Weighing the Benefits of Water
You may have thought to yourself “I need to drink more water.” But have you thought about why? There are many benefits to drinking water — including aiding weight loss — that you might not know about. Staying hydrated helps us to:
feel less tired
prevent/treat kidney stones
There’s a reason our body is made up of ⅔ water! Clearly, it is essential for many of our bodily functions. Lack of water leads to symptoms of dehydration - including dizziness, nausea, cramping, constipation, and confusion. Not fun!
One more important benefit of drinking water is its role in managing our weight. Drinking water 30 minutes before a meal helps us to feel more full, thus preventing us from overeating. In addition, there is some evidence in animal models and human studies, although inconclusive, that drinking more water may boost metabolism and aid with weight loss.
Now, how much water should you drink? There’s the old adage that 8 cups/day is best. Some say to drink half your body weight in ounces. It can be confusing to say the least. Here is a good baseline to start with:
Women: 9 cups (72 ounces)
Men: 13 cups (104 ounces)
However, it turns out that there are a lot of factors to consider and individual needs vary. Here are some other things to think about:
When you’re eating a lot of fruits and vegetables, they naturally contain water and can count towards about 20% of your daily water intake.
On a hot day, when you’re sick, or on days when you find yourself especially active, you’ll need to drink more water (about 1.5-2 cups more).
Drinking water doesn’t have to be boring! We can drink more than just water to help reach our goal — tea, carbonated water, coffee, and other options count too! A smoothie for breakfast includes both the water in the fruits and veggies plus any additional water, plant-milk, or ice you use in the recipe.

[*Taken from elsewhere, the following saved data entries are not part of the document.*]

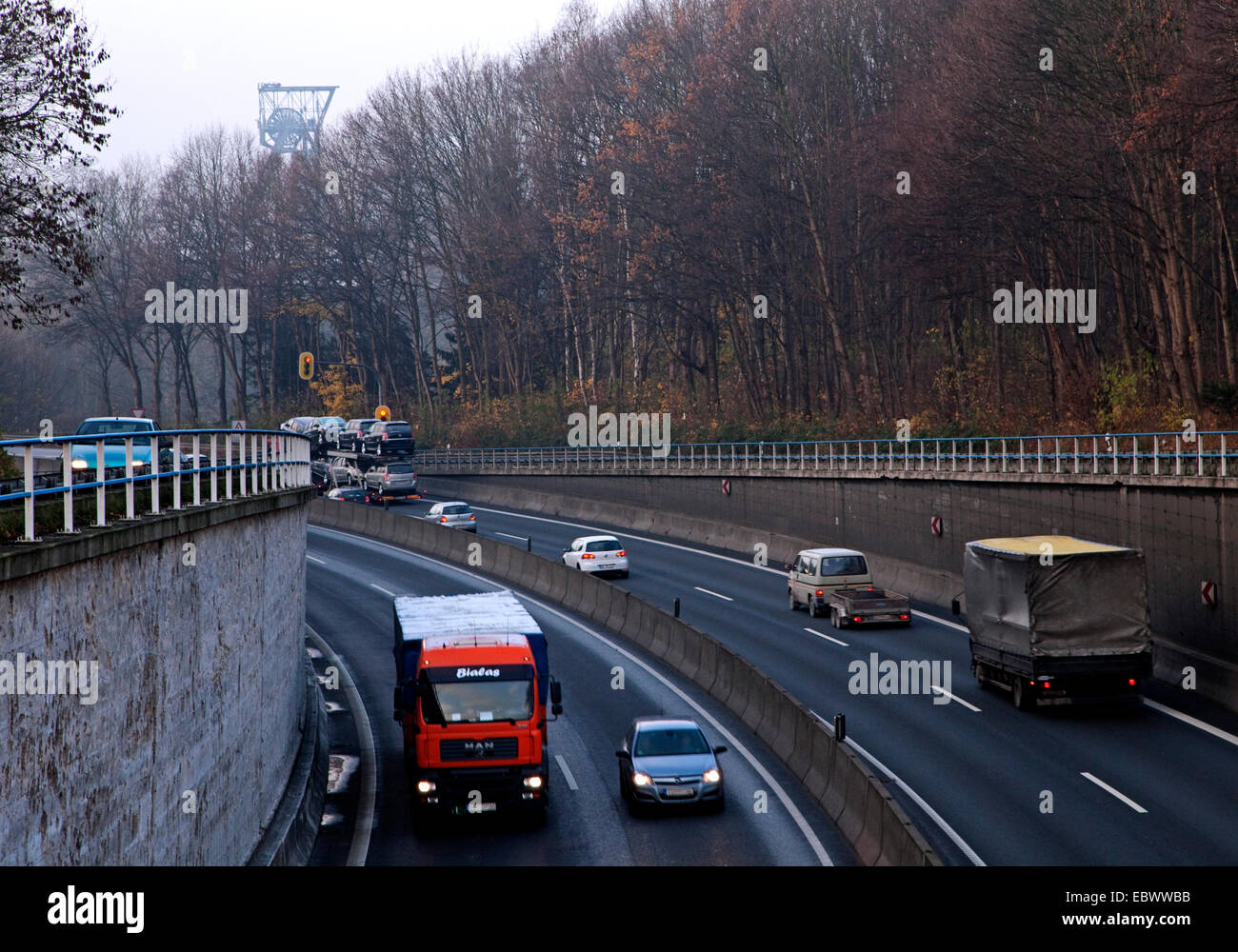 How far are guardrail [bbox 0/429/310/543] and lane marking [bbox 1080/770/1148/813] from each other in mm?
15314

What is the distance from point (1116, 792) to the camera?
21.8 meters

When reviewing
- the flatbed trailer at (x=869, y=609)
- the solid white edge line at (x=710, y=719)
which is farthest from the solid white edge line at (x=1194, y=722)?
the solid white edge line at (x=710, y=719)

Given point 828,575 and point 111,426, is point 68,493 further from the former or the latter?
point 828,575

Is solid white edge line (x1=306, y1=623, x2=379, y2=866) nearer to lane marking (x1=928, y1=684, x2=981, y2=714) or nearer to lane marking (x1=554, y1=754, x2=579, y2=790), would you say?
lane marking (x1=554, y1=754, x2=579, y2=790)

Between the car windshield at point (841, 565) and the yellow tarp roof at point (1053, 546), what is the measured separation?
807 cm

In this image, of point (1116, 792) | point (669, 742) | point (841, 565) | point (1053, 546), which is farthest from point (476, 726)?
point (841, 565)

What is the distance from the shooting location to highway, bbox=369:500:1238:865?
19.5 m

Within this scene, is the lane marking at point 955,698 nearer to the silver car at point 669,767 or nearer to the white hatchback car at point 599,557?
the silver car at point 669,767

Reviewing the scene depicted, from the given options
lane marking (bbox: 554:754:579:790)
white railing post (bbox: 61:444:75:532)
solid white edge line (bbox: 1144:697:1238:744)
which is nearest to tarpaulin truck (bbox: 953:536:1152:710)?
solid white edge line (bbox: 1144:697:1238:744)

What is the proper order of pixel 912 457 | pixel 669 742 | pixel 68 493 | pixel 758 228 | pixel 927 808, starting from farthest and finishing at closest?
pixel 758 228 < pixel 912 457 < pixel 669 742 < pixel 927 808 < pixel 68 493

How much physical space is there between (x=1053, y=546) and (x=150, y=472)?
20881 mm

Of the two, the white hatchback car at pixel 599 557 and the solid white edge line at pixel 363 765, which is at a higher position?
the white hatchback car at pixel 599 557

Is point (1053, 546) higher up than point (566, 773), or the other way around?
point (1053, 546)

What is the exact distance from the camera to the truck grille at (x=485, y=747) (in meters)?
20.7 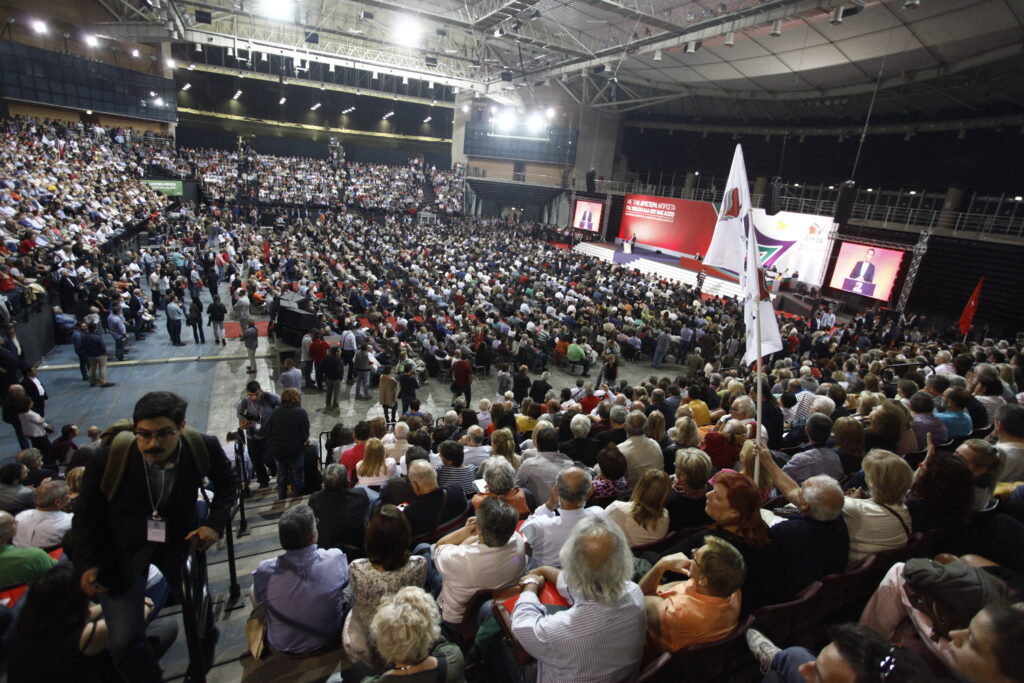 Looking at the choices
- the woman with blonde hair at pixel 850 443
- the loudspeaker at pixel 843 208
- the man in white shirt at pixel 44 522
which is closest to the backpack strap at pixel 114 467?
the man in white shirt at pixel 44 522

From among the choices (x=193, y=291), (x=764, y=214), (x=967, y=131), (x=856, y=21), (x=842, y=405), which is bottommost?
(x=193, y=291)

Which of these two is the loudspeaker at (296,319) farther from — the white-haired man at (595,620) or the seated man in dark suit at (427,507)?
the white-haired man at (595,620)

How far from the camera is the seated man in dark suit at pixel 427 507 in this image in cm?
289

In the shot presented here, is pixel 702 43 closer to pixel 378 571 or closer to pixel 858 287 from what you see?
pixel 858 287

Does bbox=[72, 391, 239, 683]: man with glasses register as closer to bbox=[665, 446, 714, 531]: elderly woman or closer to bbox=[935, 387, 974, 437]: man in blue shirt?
bbox=[665, 446, 714, 531]: elderly woman

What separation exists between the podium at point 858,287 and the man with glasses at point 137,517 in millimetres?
19254

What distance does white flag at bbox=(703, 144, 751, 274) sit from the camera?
130 inches

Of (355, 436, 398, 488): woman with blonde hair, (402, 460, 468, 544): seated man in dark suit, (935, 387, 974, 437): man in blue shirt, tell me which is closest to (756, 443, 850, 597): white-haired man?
(402, 460, 468, 544): seated man in dark suit

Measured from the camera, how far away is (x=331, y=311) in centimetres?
1290

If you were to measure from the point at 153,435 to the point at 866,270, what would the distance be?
63.9ft

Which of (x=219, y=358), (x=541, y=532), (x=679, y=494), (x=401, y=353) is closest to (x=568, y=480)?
(x=541, y=532)

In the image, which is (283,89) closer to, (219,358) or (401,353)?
(219,358)

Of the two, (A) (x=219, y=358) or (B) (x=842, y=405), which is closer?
(B) (x=842, y=405)

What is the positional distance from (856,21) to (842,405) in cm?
1404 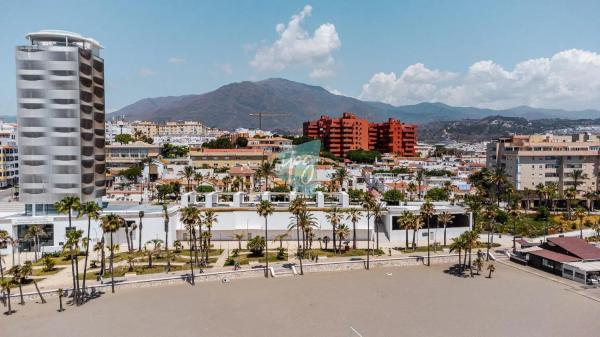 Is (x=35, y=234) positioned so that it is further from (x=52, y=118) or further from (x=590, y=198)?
(x=590, y=198)

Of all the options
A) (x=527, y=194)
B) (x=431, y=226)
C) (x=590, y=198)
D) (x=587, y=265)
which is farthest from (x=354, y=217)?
(x=590, y=198)

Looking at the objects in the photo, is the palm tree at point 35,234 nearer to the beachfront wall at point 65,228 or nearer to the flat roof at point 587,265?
the beachfront wall at point 65,228

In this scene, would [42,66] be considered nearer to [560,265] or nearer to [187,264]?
[187,264]

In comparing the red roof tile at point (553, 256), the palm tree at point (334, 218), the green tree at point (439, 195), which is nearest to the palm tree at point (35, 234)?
the palm tree at point (334, 218)

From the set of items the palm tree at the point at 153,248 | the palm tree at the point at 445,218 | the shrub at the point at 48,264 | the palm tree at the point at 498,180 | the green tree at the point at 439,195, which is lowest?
the shrub at the point at 48,264

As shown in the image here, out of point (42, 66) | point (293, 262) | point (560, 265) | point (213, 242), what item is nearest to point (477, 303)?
point (560, 265)

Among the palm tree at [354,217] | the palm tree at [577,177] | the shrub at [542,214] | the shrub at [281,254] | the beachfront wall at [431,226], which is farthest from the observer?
the palm tree at [577,177]

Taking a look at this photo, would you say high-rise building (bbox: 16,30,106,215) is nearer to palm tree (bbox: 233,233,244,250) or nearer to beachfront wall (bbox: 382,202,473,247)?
palm tree (bbox: 233,233,244,250)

Choose one of these strategies to boost your hydration:
Try drinking water before meals. For the next 2 days, try drinking 2 glasses of water before breakfast, lunch, and dinner. Notice how you feel, how much you eat, and any other shifts that come up.
Set a goal to drink more water overall. As with any new step, start where you are and push yourself to do a little more over time. Are you currently drinking 2 cups of water a day? Shoot for 3 and see how you do.
Fit hydration into your day. Often we’ll have a grand plan to drink more water and then get to the end of the day before we realize how much we have left to go! Nobody wants to chug a gallon of water before bed. Try setting incremental goals for yourself throughout the day — whether this is tied to drinking water before meals, finishing a water bottle by a certain time, drinking after every bathroom break, or setting alarms on your phone as a reminder — making a plan to break up your water consumption throughout your day helps to make this new goal a reality.